London, at an hour that made Rosalind glad she'd nicked her brother's black cloak instead of wearing her scarlet one. The factory alongside her had quit belching smoke for the night, but it would start again soon. A noise caused her to draw back against the brick wall. Glancing up, she gasped. An oblong hulk was drifting across the sky. The darkness obscured the details, but she didn't need to see; a brass-colored lock would be painted across the side. Mellator had launched his dirigible.

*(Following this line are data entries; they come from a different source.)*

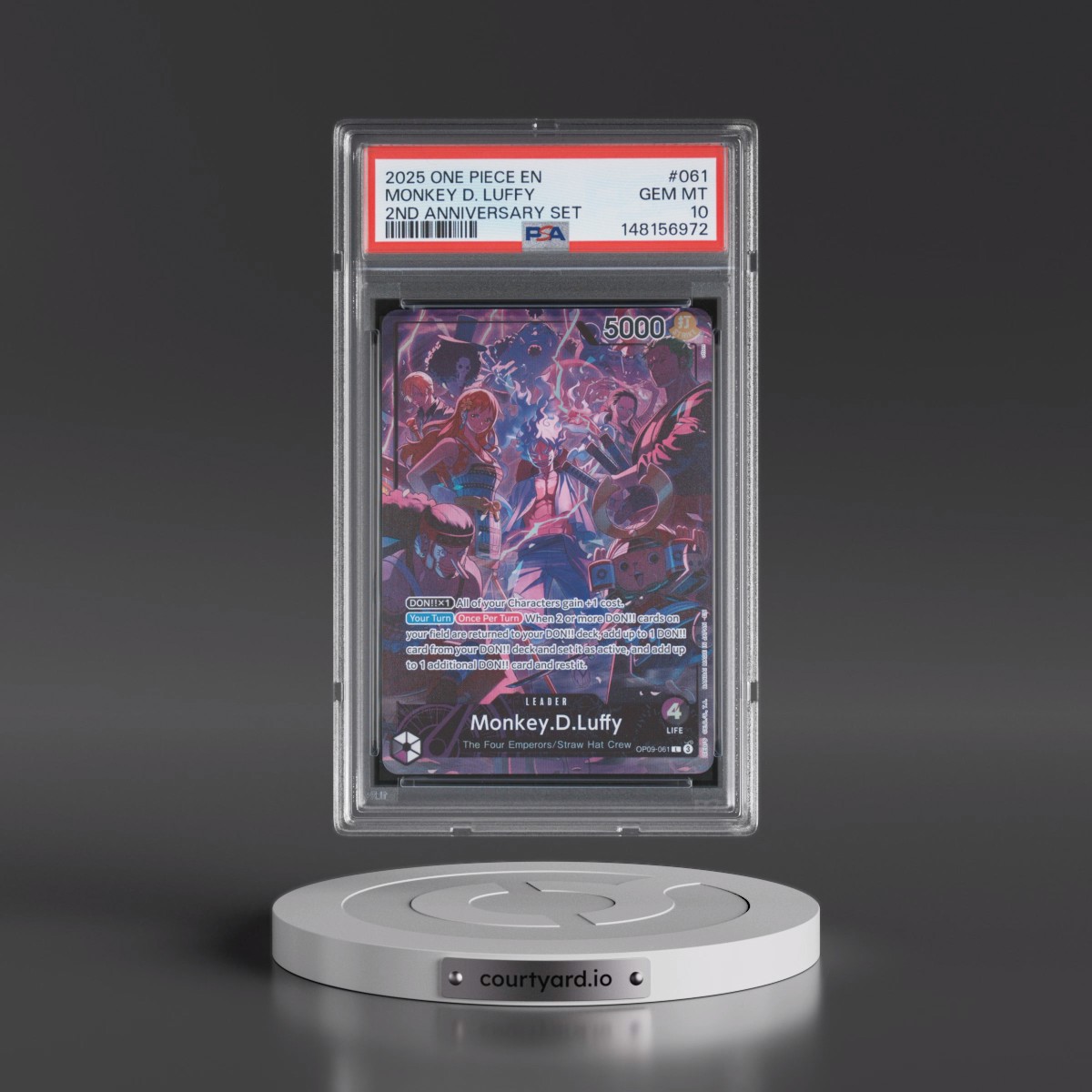 2025 One Piece English Version 2nd Anniversary Set #061 Monkey D. Luffy (PSA 10 GEM MINT)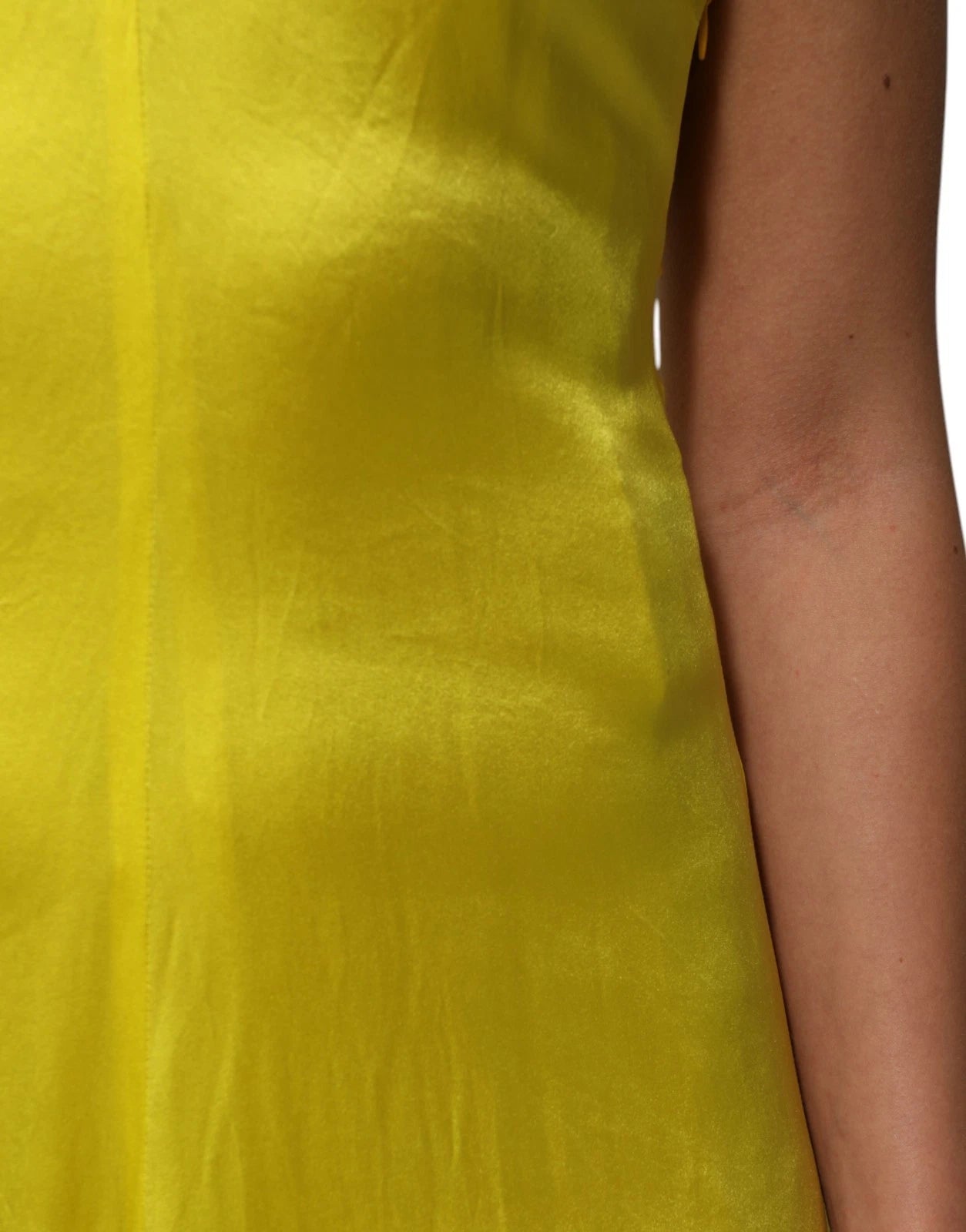 Yellow Silk Satin Slip Maxi Spaghetti Strap Maxi Dress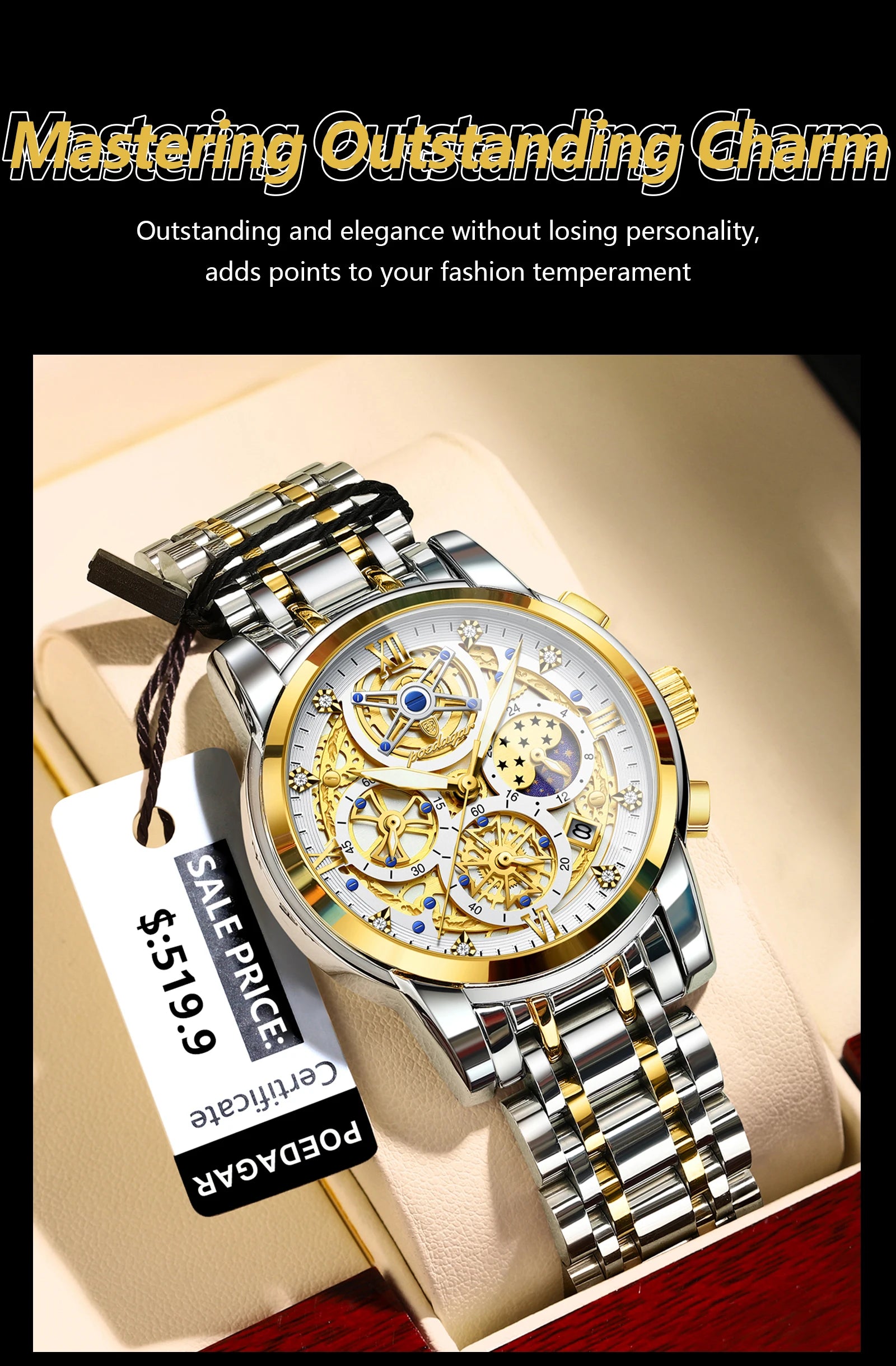 POEDAGAR Luxury Watch For Men Original Waterproof Luminous Date Man Clock Chronograph Stainless Steel Quartz Men's Watches Reloj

Welcome to steampunk. This genre has expanded across literature, art and film over the past several decades. Its stories tend to take place near nascent factories and in grimy cities, in Industrial Age England and the Wild West—in real-life settings where technologies were burgeoning. Yet steampunk characters extend these inventions into futuristic technologies, including automata and time machines. The juxtaposition of old and new creates an atmosphere of romanticism and adventure. Little wonder that steampunk fans buy top hats and petticoats, adorn themselves in brass and glass, and flock to steampunk conventions.

These fans dream the adventure. But physicists today who work at the intersection of three fields—quantum physics, information theory and thermodynamics—live it. Just as steampunk blends science-fiction technology with Victorian style, a modern field of physics that I call “quantum steampunk” unites 21st-century technology with 19th-century scientific principles.

Our goal is to update the laws of thermodynamics—the study of work, heat and efficiency—to meet the demands of cutting-edge experiments, technologies and theory. Thermodynamics was born when steam engines drove the Industrial Revolution. But as technology shrinks, thermodynamics and information couple in smaller and smaller systems. The spotlight has swept from trains to nanoscale engines, living cells' molecular motors and the smallest possible refrigerators. We must now investigate how to apply traditional thermodynamic concepts such as heat, work and equilibration to modern quantum systems.

Victorian physics meets millennial science

By 1800 Thomas Savery and Thomas Newcomen had invented, and James Watt and Matthew Boulton had refined, the steam engine. Thinkers then wondered how efficiently such engines could pump water out of mines. Their studies grew from practicalities to questions of fundamental physics, such as why time flows only in one direction. The field of thermodynamics is grounded in this work.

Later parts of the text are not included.